Many states, including Indiana and Illinois, have enacted “stay-at-home” orders for all but essential businesses. So if you find your business in this non-essential category, what do you do with 2 or 3 week of quality time? Could this turn-out to be a gigantic gift?
You can approach these 2 or 3 weeks off in one of two ways, it is really about what you believe. Are we:
1) at the beginning of the great depression as the media would like you to believe or
2) will this slow-down only be a blip on this year’s operating performance.
I’m of the belief that it will be #2. The Coronavirus facts as of today: a) 90% of those tested don’t have it, b) death rate is less than 1% (less than 1 person dies of 100 that are tested), c) it is impacting the older generation worse than anyone else; especially those that have other major health issues, d) more people are dying of the common flu than of the Coronavirus (estimates for flu deaths this season is between 23,000 and 59,000; last season 34,200) and e) the next 10-14 days will be the worst. But there are multiple procedures being tested this week that may be the cure.
This article isn’t for people who believe we are at the beginning of a depression. This is for the people that believe we see the light at the end of the tunnel and this will be a short term blip in the overall scheme of things. So we have 2-3 weeks of time that we normally don’t have at the beginning of spring to do some awesome things. What to do, to maximize the value of these 2-3 weeks?
Here is a list of things you may consider:
· Tune up your marketing plan. If you don’t have one, create one. Marketing is becoming more and more important. Creating leads for your sales people should be a high priority for you and your company. Or fine tune the one that you have make it better by evaluating the data you have been collecting from prior years. What is working and what isn’t?
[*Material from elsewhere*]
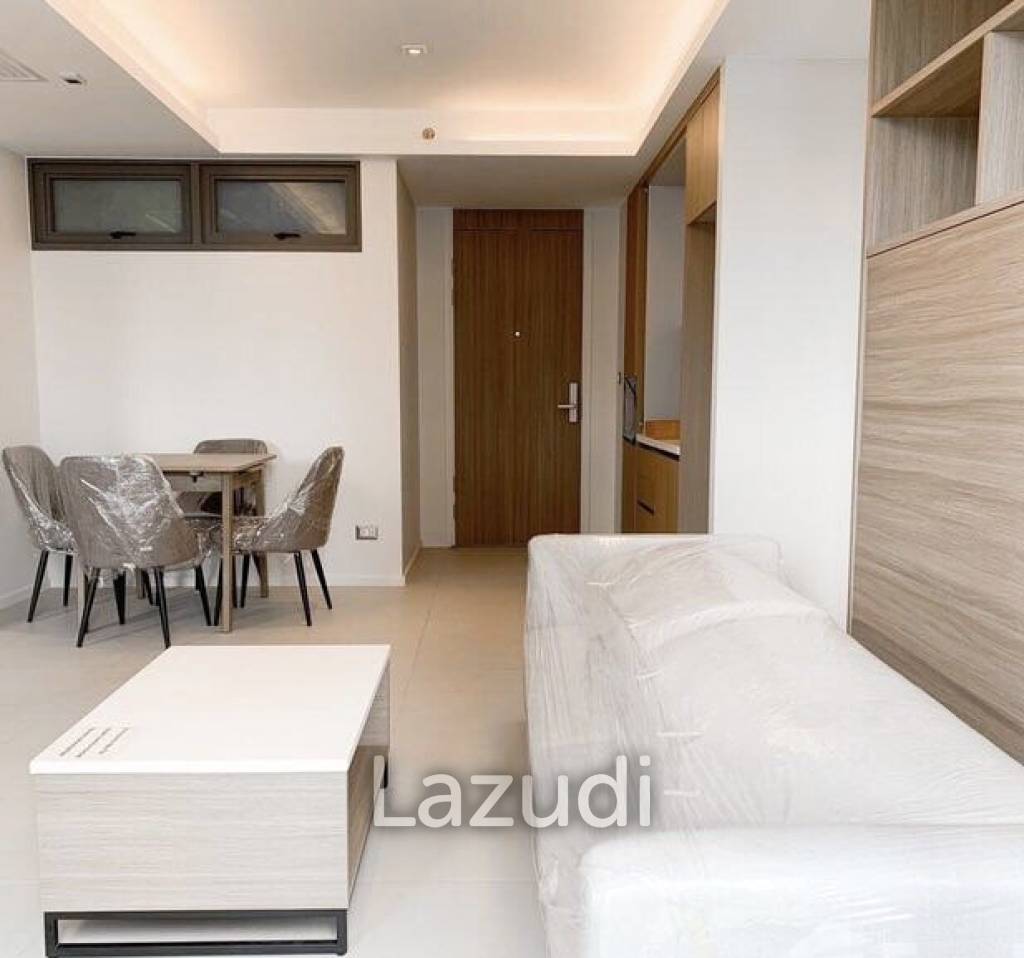 1 Bed 1 Bath 47 SQ.M Circle Sukhumvit 31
What should you put more resources in ($ and people) and what should you tapper off?
· Create/improve your sales plan. If your organization has sales people, what are their goals for this year, for the month or quarter? What has changed given this shutdown? Have you completely lost sales or can you recover them? How are you challenging your sales people? Are you using: a) inventive programs, b) spiffs, c) education, and d) motivational meetings (frequency of)?
· Evaluate your operational assets. With interest rates as low as they are today and with the willingness of banks wanting to loan money, it is a GREAT time to evaluate what assets are costing you more to hold and operate than to get replacements which would be newer and cheaper to operate. Many times you will find that the monthly payment for 3 years on a new(er) vehicle is cheaper than the current maintenance costs.
· Evaluate your PROFIT plan for 2020. This medical shutdown will create changes in revenue, expenses and profitability. Have you re-adjusted your profit plan for March, April, May, June, July, and August? Can you make up that profit that will be lost in the first ½ of the year in the last half? If an economic outlook for the next 12-24 months would help you, email me for my monthly report. If you don’t have a profit plan for this year by month, you can also contact me for help in creating one. A smart business man once told me, there is a higher probability of hitting your profit target for the year, IF YOU HAVE ONE.
· Evaluate your balance sheet. Given long term rates are now in the low single digits, it is a perfect time to evaluate your working capital and restructure your long term debt, especially if you haven’t done that in a while. Improving your working capital enables you to take discounts on material purchases, fund clients who need longer payment terms and make more money. I recently talked to a business owner outside of Chicago that won’t take on higher margin work (40% vs 25%) because the lower margin work turned quicker into cash and the higher margin work (more profitable) took longer to get paid. He has a balance sheet problem. You might be in a great position to re-structure your balance sheet to build up your working capital. We have a quick way of evaluating that for you, just contact me.
· Evaluate your people. Most businesses have employees that are on the bubble, they are useful; but not at the quality you really want. Maybe now is a good time to furlough them and see how things run without them for a while. Re-work your organizational chart and make sure everyone understands who they work for by displaying it.
· Evaluate your communication process. Do your key people really understand your goals and objectives for 2020? What are you doing on a consistent basis to re-enforce these? When you ask people down the organizational chart to tell you the goals for their department (or company) this year, do they know?
These two weeks of down time is a great time to do something you never had the time to do in the past. This maybe a great opportunity to get more things done than you ever thought possible.